Pour clarifier le spectacle : Une femme seule à Berlin, une histoire vécue par l’auteur, se déroule pendant les derniers trois mois de la guerre. Le protagoniste assiste à la destruction de Berlin et à l’arrivée de l’armée russe qui va occuper une partie de la ville. Marta Hillers s’abrite dans la cave d’une vieille immeuble où elle organise sa vie en vase clos, un lieu coupé du monde devenu un espace de rituels grotesques menés par les vainqueurs russes. Les soldats crasseux, affamées de relations sexuels, puant de l’urine et des chevaux, possèdent tous les corps féminins qui leur tombent sous la main dans ce lieu de festins qui font vomir l’auteur. Dans un premier temps, arrosée de schnaps et de vodka, elle est victime de viols collectifs et d’autres humiliations violantes. Très vite, elle se fâche, refuse ce statut de celle qui doit subir, sort de sa passivité et se voue à une résistance plus active. Elle part à la recherche des êtres moins écoeurants, avec le désir d’attirer une hiérarchie masculine composée de figures supérieures à la masse de soldats crasseux, soit des officiers – lieutenants et capitaines- des loups capables de tenir les fauves puants à l’écart. Ainsi, cette femme jouée par quatre comédiennes, évoque des moments de plaisir afin de faire passer l’horreur de cet esclavage. Les Russes semblent toucher par ses efforts de parler leur langue mais il fallait tout de même avouer le « plaisir» ce ces moments pour ne pas se retrouver face à ce corps, le sien, réduit à un objet usé, sali, humilié, une existence pire que l’esclavage. Les propos rejoignent souvent les difficultés subies par des femmes de nos jours et la mise en scène attirent notre attention sur ces questions.

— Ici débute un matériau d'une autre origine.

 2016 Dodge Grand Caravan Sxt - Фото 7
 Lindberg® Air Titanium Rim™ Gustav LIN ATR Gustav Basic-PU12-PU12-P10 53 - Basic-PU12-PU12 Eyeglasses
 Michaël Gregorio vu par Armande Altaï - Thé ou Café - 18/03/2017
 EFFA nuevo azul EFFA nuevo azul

Le scénario respect l’absence de sensiblerie qui caractérise le récit du narrateur, soit un regard presque clinique posé sur cette vie qui se déroule dans les ruines de la vielle ville. Les monologues tragiques, par moments inspirés d’Eschyle, révèlent à la fois une rage retenue alors que tout un défilé de personnages russes et allemands passent dans les différents appartements de la maison grâce à ce témoignage pénible mais fascinant. Il est vrai qu’ensemble de ces multiples voix scéniques soumis aux horreurs de la guerre, aux bruits assourdissants qui font craquer l’immeuble et paralyser les comédiennes, incarnent la destruction du monde, la fin d’un univers alors que la simple lecture du texte aurait pu procurer une expérience moins dramatique mais plus authentique.

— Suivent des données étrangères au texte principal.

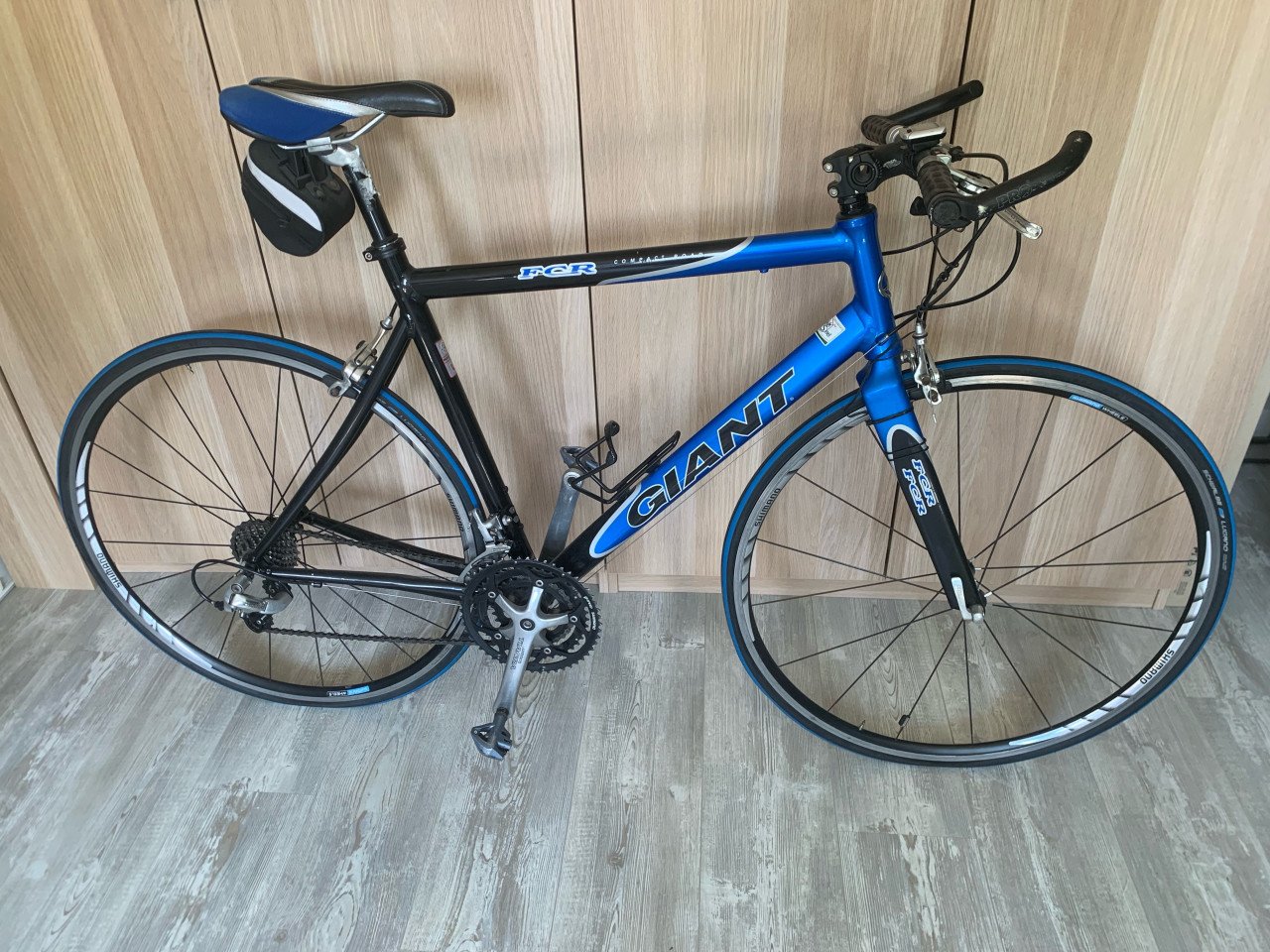 2 race fietsen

Avouons-le que cette forme d’ hyperréalisme grotesque d’un paysage peuplé de morts, où les ombres se déplaçant dans le brouillard épais, est surtout un excellent spectacle visuel. Mais ce discours scénique, est-il vraiment nécessaire pour rendre le fond de cette souffrance, pour dénoncer ces actes insupportables, pour faire ressentir ce que cette femme a vécue? N’est-ce pas que la lecture intime de ces 387 pages remplies de pages lucides et presque glaciales, donnerait à un lecteur qui traverse seul le livre, des impressions beaucoup plus fortes? Les astuces de la mise en scène ( grondements des avions, vrombissements des machines, figures obscures plongées dans le brouillard qui écrasent les comédiennes, ombres monstrueux et cauchemardesque projetés contre le fond de la scène, jeux « hyperréalistes » entre les comédiens qui miment les rencontres sexuelles) m’ont paru presque superflues par rapport au « dire », aux témoins, aux paroles proférées par celle qui a vécu toute cette horrible expérience. Il faut lire le texte, c’est tout!

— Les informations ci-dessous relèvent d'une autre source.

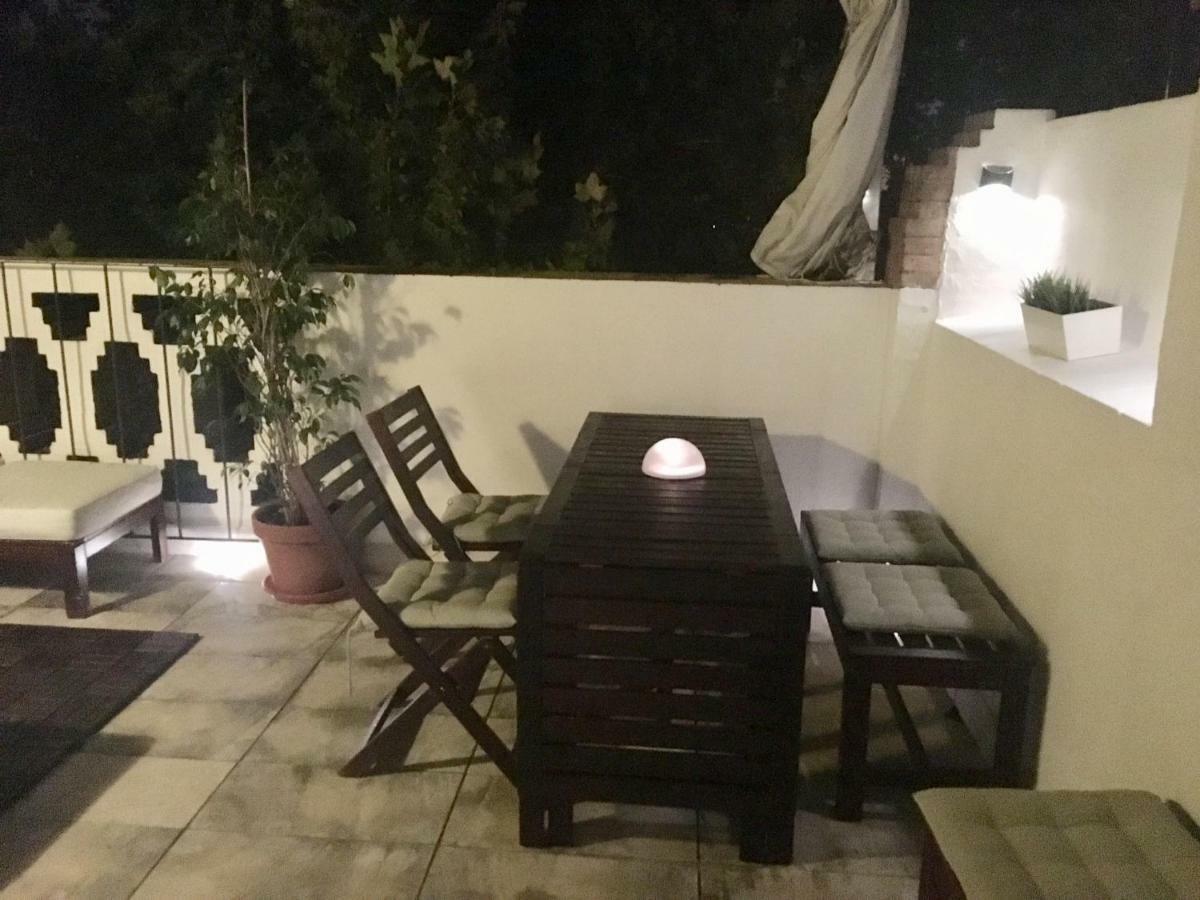 TYP Sevilla Dış mekan fotoğraf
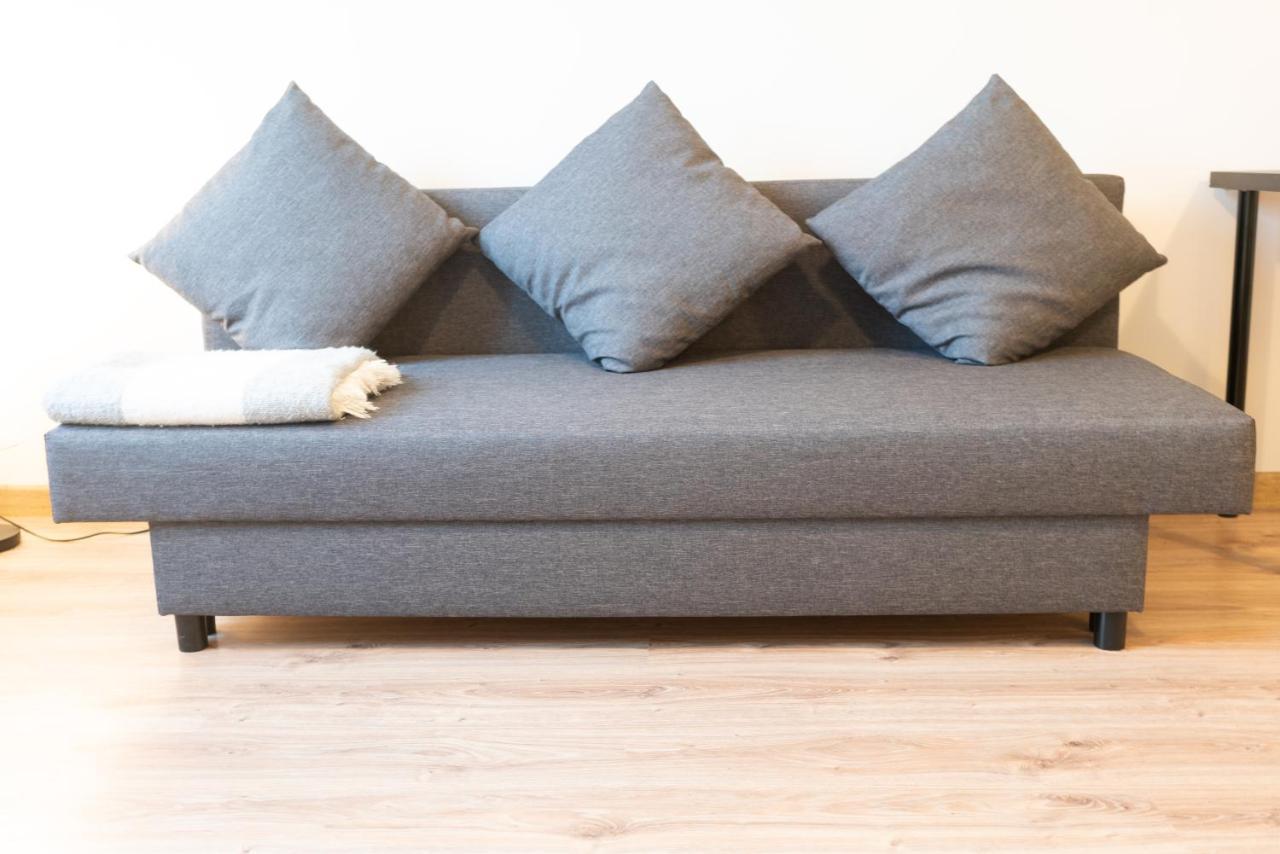 Apartament Blue Sea Gdynia Eksteriør bilde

Chacun y apporte une vision très personnelle devant ce monde et autant que j’ai aimé le travail collectif de la troupe et que j’admire le projet global de la metteure-en-scène, autant j’ai eu l’impression que l’essentiel du propos fut noyé par un travail qui a voulu trop montrer.

Une femme à Berlin, une production Sibyllines, une coproduction de l’Espace Go (Montréal) et du théâtre francais du Centre national des Arts (Ottawa); du 30 novembre au 3 décembre, CNA, Ottawa.